Background ‘Vulnerable’ plaque has increased density of macrophages that require high-levels of energy for phagocytic activity. The uptake of radiolabelled glucose or [18F]-fluorodeoxyglucose (FDG) imaged with positron emission tomography (PET) and computed tomography (CT) may serve as a surrogate marker of inflammatory activity within plaque. Variance in glucose homeostasis exists amongst patients, thus FDG uptake corrected to patient blood glucose levels may be necessary [[Unable to Display Character: –]] albeit not routinely performed. We hypothesized that glucose corrected FDG uptake (CG-FDG) is associated with intraplaque inflammatory burden using macrophage-specific CD68 immunohistology.

Methods Thirty-one patients (66±10 years, 25 male) scheduled for carotid endarterectomy were prospectively recruited. Patients underwent PET and CT angiography. Maximum CG-FDG was measured at the left and right internal carotid arteries and normalized to blood, resulting in a glucose corrected tissue to blood ratio (TBR). Excised plaque was fixed, sectioned and immunostained for CD68. CD68 expression was analyzed with whole-slide digitized images.

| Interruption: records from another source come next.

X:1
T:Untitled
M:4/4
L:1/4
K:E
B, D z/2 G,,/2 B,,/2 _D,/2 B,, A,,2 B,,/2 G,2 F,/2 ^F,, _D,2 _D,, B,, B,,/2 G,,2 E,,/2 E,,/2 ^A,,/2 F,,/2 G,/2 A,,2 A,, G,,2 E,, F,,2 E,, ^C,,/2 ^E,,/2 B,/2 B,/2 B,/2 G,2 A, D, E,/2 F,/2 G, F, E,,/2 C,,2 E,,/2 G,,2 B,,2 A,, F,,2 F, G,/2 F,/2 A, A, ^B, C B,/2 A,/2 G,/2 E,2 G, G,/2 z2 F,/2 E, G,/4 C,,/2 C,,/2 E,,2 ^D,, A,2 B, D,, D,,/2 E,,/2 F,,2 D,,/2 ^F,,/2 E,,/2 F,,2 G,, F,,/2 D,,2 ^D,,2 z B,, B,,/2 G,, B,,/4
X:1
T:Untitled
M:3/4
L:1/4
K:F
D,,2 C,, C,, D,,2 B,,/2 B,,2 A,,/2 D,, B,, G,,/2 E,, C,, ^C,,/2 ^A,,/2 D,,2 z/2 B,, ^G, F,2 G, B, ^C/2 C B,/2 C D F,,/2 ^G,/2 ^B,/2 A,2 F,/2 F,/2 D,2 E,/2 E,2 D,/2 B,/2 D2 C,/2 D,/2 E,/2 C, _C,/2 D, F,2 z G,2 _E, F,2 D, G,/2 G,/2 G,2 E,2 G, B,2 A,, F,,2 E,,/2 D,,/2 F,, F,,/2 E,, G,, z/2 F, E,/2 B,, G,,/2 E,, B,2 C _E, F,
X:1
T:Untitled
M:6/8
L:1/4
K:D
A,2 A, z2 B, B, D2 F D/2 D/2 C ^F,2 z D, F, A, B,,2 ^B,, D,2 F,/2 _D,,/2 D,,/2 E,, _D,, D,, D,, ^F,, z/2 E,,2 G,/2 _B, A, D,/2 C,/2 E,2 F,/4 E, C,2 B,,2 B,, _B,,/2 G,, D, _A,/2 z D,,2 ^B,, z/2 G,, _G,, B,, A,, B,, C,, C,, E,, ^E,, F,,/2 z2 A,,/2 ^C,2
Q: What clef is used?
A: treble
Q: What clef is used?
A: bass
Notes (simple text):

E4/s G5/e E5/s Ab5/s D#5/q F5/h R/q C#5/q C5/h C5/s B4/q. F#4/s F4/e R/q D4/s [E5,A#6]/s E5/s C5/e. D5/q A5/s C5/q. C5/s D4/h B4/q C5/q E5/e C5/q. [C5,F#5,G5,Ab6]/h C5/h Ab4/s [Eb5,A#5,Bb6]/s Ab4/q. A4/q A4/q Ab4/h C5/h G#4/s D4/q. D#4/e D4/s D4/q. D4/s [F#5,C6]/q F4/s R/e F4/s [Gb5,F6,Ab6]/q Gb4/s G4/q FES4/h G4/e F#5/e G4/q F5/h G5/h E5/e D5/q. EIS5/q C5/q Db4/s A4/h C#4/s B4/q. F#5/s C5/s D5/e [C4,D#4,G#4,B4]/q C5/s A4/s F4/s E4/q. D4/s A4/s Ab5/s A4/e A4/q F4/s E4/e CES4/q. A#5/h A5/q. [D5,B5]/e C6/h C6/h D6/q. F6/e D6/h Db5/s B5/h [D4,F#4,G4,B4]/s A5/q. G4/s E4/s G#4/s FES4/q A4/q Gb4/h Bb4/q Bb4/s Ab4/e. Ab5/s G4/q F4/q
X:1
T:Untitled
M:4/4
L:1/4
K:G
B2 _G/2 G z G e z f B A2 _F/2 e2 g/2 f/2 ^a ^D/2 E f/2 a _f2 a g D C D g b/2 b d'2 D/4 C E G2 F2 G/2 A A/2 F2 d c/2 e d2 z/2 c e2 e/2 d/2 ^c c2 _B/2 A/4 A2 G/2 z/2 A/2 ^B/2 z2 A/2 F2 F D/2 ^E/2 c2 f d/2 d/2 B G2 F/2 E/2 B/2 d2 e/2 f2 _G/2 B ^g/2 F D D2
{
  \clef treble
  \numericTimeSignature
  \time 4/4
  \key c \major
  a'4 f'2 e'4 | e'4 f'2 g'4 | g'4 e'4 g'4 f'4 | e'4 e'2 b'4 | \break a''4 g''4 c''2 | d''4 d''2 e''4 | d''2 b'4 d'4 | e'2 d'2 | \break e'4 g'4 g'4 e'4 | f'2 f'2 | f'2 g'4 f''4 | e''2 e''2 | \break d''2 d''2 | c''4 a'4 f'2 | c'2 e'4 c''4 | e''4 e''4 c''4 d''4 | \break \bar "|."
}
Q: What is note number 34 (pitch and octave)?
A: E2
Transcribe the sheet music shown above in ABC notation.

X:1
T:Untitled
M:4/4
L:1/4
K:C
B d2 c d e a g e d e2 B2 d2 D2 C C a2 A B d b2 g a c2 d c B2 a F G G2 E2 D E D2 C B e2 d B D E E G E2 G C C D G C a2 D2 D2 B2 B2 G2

Results Of 31 patients, immunohistology was performed in 22 patients and 1 patient required a 2^nd endarterectomy due to bilateral disease. Maximum CG-FDG uptake correlated with macrophage expression assessed by CD68 staining (r=0.589, p=0.003) (Fig. 1). Patients were divided into symptomatic (n=50 plaques, 25 patients) and asymptomatic (n=12 plaques, 6 patients) groups. CG-FDG uptake was greater in the symptomatic group (3.5±1.3 TBR vs. 2.7±0.9 TBR, p=0.04). CG-FDG uptake did not vary between diabetic and non-diabetic plaques (3.3±0.8 TBR n=10 diabetic vs. 3.4±1.3 TBR n=52 non-diabetic, p=0.8).

Conclusion CG-FDG uptake in carotid vasculature is related to inflammatory burden within plaque. CG-FDG may serve as a surrogate marker of high-risk inflamed plaque and may enable early identification of patients at risk.